How did the challenge start?
You can read all about it here.
What is gender bias?
Gender bias refers to ‘the socially constructed preference for one sex/gender over the other.’ It can be either a conscious or unconscious act. An example of gender bias is a teacher in a classroom calling on boys to answer questions rather than girls because he/she believes that boys have more to contribute. Even the English language shows gender bias, in that the pronoun he is used generically to represent both men and women. (Dugan, Rhonda E. “Gender Bias.” Encyclopedia of Social Problems. Ed. Vincent N. Parrillo. Thousand Oaks, CA: SAGE Publications, 2008. SAGE knowledge. Web. 1st August 2013.)
In terms of book reviewing, this means that people read and review fewer books written by women, compared to books written by men. There are a number of reasons for this bias, which you can read about here.

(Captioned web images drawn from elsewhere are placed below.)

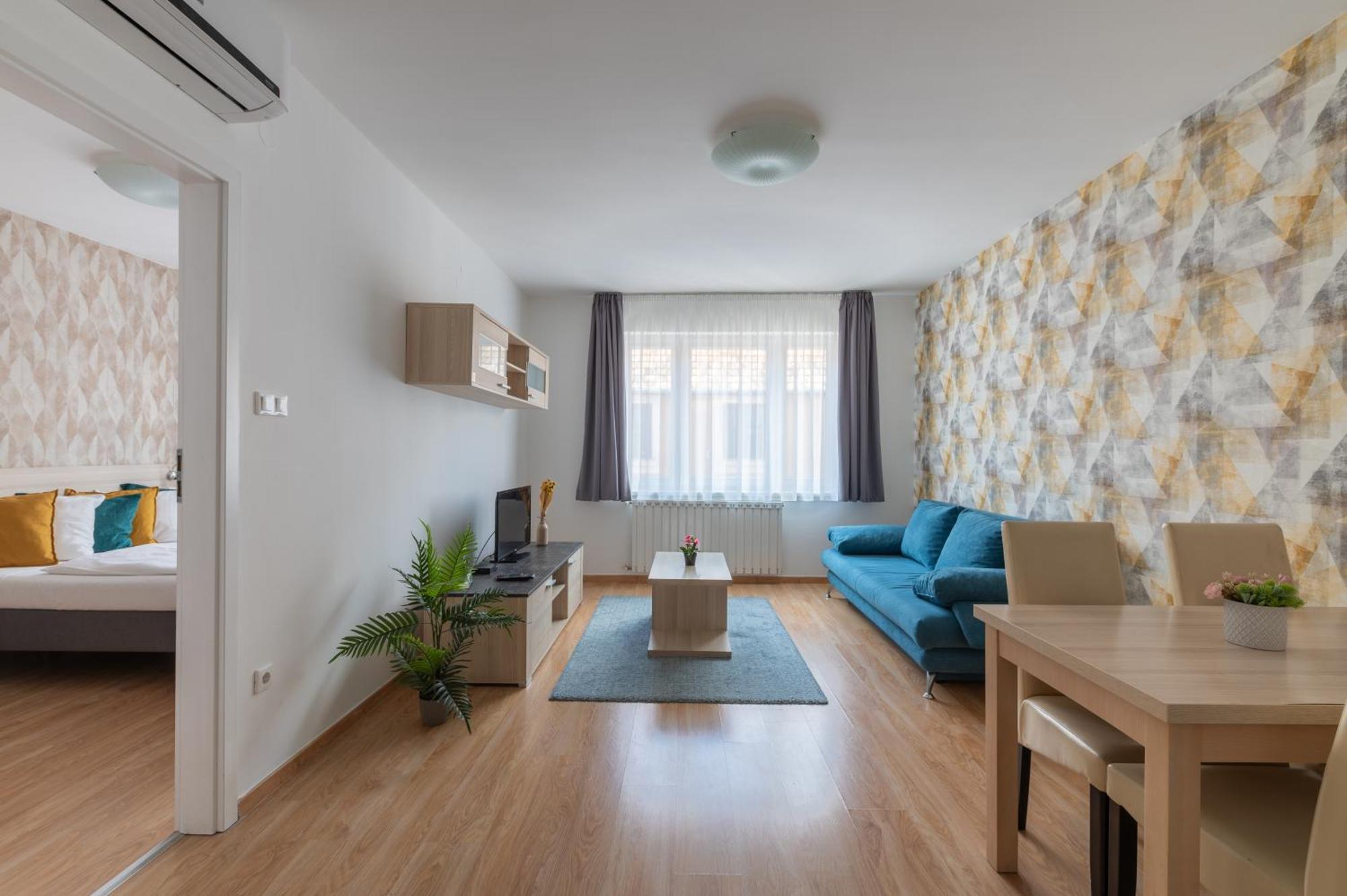 Mono Residence With Free Parking Budapeste Exterior foto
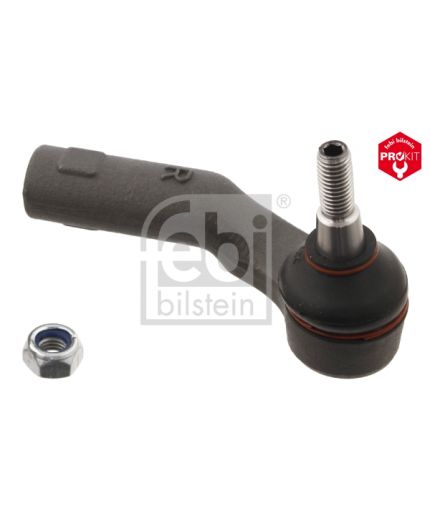 FEBI Наконечник рулевой тяги Фото 2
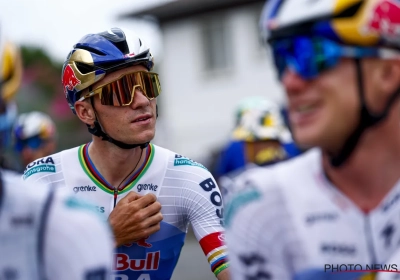 Remco Evenepoel compléét afgemaakt door Italiaanse krant: "Het heeft geen zin om vier kilo af te vallen"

Where do I find reviews people have written as part of the Australian Women Writers Challenge?
You can find the reviews people have submitted to us here. We also highlight several reviews in different genres each month as part of our round-up posts on the homepage.
How can I get more involved in the AWW project?
You can join in the discussion on our Goodreads and Facebook pages, our Twitter hashtag #AWW2016 (or whatever is the current year e.g. #aww2017). You can follow us on twitter – @AusWomenWriters, and join our group at the Reading Room.
Who can participate in the Australian Women Writers Challenge?
Anyone! You don’t have to be Australian or female or a professional reviewer.
Do I have to review all the books I read as part of the Challenge?
No, you can review as many or as few books as you like. Although we encourage participants to post reviews somewhere online, there is also the option to sign up for a “read only” challenge.
I want to review for the AWW Challenge, where do I get books?
Bookshops and the library are good places to start. If you’re looking for suggestions, you can also browse our Goodreads bookshelf or have a look through the books other participants have reviewed.
How do I write a review?
There are no rules for writing reviews you submit to the AWW Challenge. However, we do provide guidelines to help reviewers.
I’ve written my review. Now what do I do?
Add the details here.
I’ve posted my review on Goodreads. How do I link it to the challenge.
Cut and paste the URL (the http://www.goodreads.com/etc. web address) and add it to our “Link Your Review” form along with your name and the author/title details.
I’ve joined the challenge and linked my reviews to the AWW blog, but I’m not getting any hits on my blog; what can I do?
You could try joining in the discussion over on Goodreads, Facebook or Twitter. On Twitter, when you post your reviews or discuss AWW books, use the #AWW2017 tag (or the hashtag appropriate to the current year e.g. #aww2017 etc.). Visit other participants’ blogs and leave comments on or “like” reviews that interest you.
I’ve completed my challenge. Now what?
Congratulations! Thanks for a job well done. Please enter your details on our “Challenge Completed” page.
I’m a female Australian author, how can I get someone to review my book?
The AWW team does not distribute review copies to readers. If you would like a specific blogger to review your book, you should find out about their review policy on their personal website. You can also find a list of bookbloggers on the Book Bloggers Australia website.
People aren’t giving me positive reviews! Doesn’t that go against the supporting spirit of the challenge?
Reviewers are entitled to their own opinions and we do not have a policy of only including positive reviews. We will, however, remove links that are abusive (eg those that attack the author on a personal level). Negative reviews, or less than glowing reviews, are necessary in providing a robust cross-section of reader responses and ensuring the integrity of the challenge.
Reviews that follow our reviewing guidelines are more likely to be selected for promotion in our monthly round-up.